Eric Burdon & The Animals "Every One Of Us" -1968-
Vielleicht die eigenwilligste Einspielung aus dem Zeitfenster 67/ 68, weil hier weniger der Psych und bluesige Elemente im Vordergrund stehen. Stattdessen wird ein Mix unterschiedlichster Stilarten mit eingewobenen Sprechpassagen geboten. Letztlich ist es ein Album, dass einem nicht beim ersten Hören erschließt und die Musikstücke gleich anspringen.
Re: Februar 2026
Verfasst: Di 17. Feb 2026, 23:13
von Louder Than Hell
Blackwater Park "Dirt Box" -1972-
Krautrock aus Berlin, der sich auf dem Bereich des Hardrocks auf die Pirsch begeben hat. Und den internationalen Vergleich brauchen sie auch nicht zu scheuen, denn sie haben nach meinem Geschmack einen guten Job gemacht ...... Das Originalalbum hat allerdings mittlerweile einen vierstelligen Wert.
Re: Februar 2026
Verfasst: Di 17. Feb 2026, 23:49
von Louder Than Hell
badger hat geschrieben: ↑Di 17. Feb 2026, 18:34
Growing Condern - s/t (Mainstream 1968)
Eine dieser für Mainstream Records typischen Eintags-Fliegen mit einer nicht sensationellen, aber doch überdurchschnittlich guten und
hörenswerten Scheibe, die gerne zu mehr hätte führen dürfen.

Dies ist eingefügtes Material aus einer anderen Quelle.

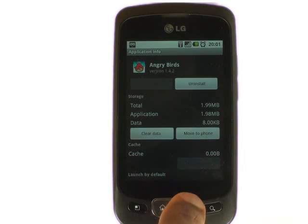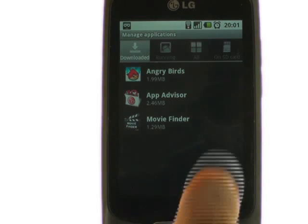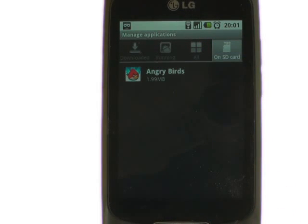Press the back button to go back and then touch the SD card tab just to see if it's been transferred successfully. It's that simple.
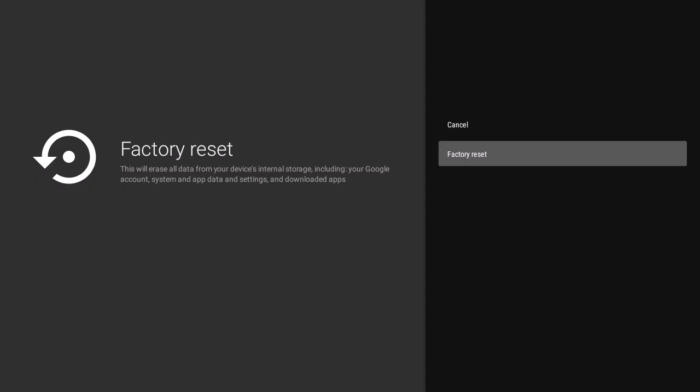to see an option to factory reset your Android TV or Android TV box. This will erase all data from your device internal storage including your Google account. So when you click on reset it's going to reset your Android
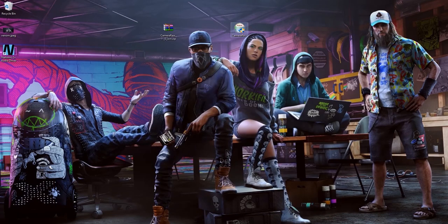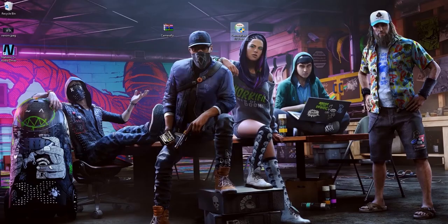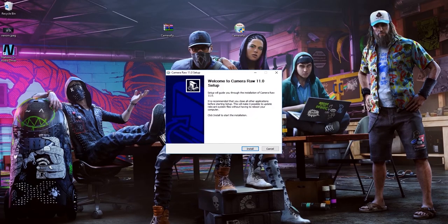I already extracted it and here it is. What you need to do is double-click on it and click the install button. I'm not going to do it because I already installed it. After it's finished, just restart your Windows and you will be good to go.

Wird gerne als psychedelisch verkauft, ist aber eher unter den L.A.-Harmony Gruppen anzusiedeln (obwohl die Band aus Illinois stammte),
wobei allerdings kräftige Gitarren- und Orgeltöne den Spaß noch verstärken. Mit Sängerin, also nicht unähnlich zu Yankee Dollar, Neighb'rhood Childr'n
und Konsorten.
Bands aus diesem Genre gab es etliche, die mit einer Frontfrau/ Sängerin voranschritten und einige konnten mit diesem scheinbaren Aushängeschild auch über Gebühr punkten. Aber letztlich stand immer der musikalische Output im Mittelpunkt und ordneten sich diese Harmonybands irgendwie im Gefüge unter. Yankee Dollar, Neighb'rhood Childr'n oder auch Growing Concern stachen hier schon heraus und haben bei den Fans schon ihre nachhaltigen Spuren hinterlassen.

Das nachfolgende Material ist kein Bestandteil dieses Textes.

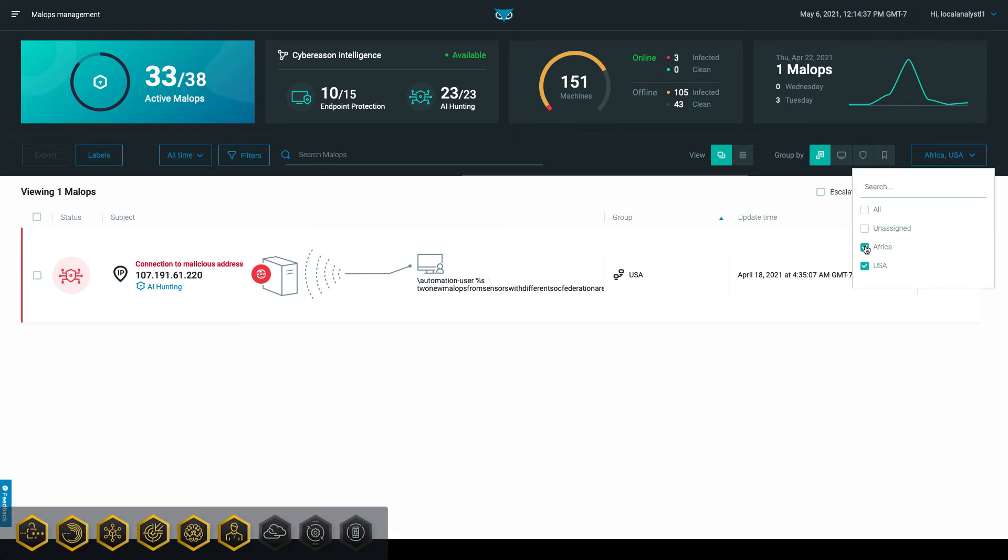Multitenancy also gives higher-level administrators the ability to view overarching information across the complete federated organization, such as their entire MSSP practice or centralized SOC.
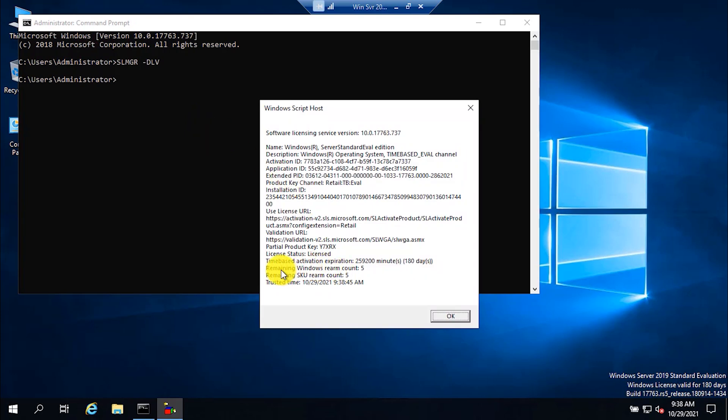Here you can see that the remaining Windows Rearm count is 5. It means that I can reset this evaluation duration up to 5 times.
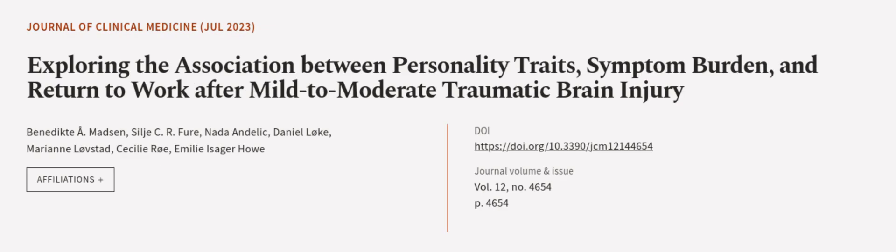This article was authored by Benedict A. Madsen, Cilia C. Arfuhr, Nada Andelic, and others.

Hach, auch schon wieder 20 Jahre alt......time flies!!
Unglaublich, oder?
Für mich ist das Album ein echtes Statement gewesen. Diese kompromisslose Retro-Ausrichtung, Hammond, Mellotron, lange Tracks – und trotzdem kein müder Abklatsch, sondern voller Energie.
Gerade „By the Banks“ zeigt, wie ernst es Wobbler damals schon meinten.
Was mich beeindruckt: Das Debüt war kein vorsichtiges Antesten, sondern direkt ein Brett. Mutig, komplex, eigenständig.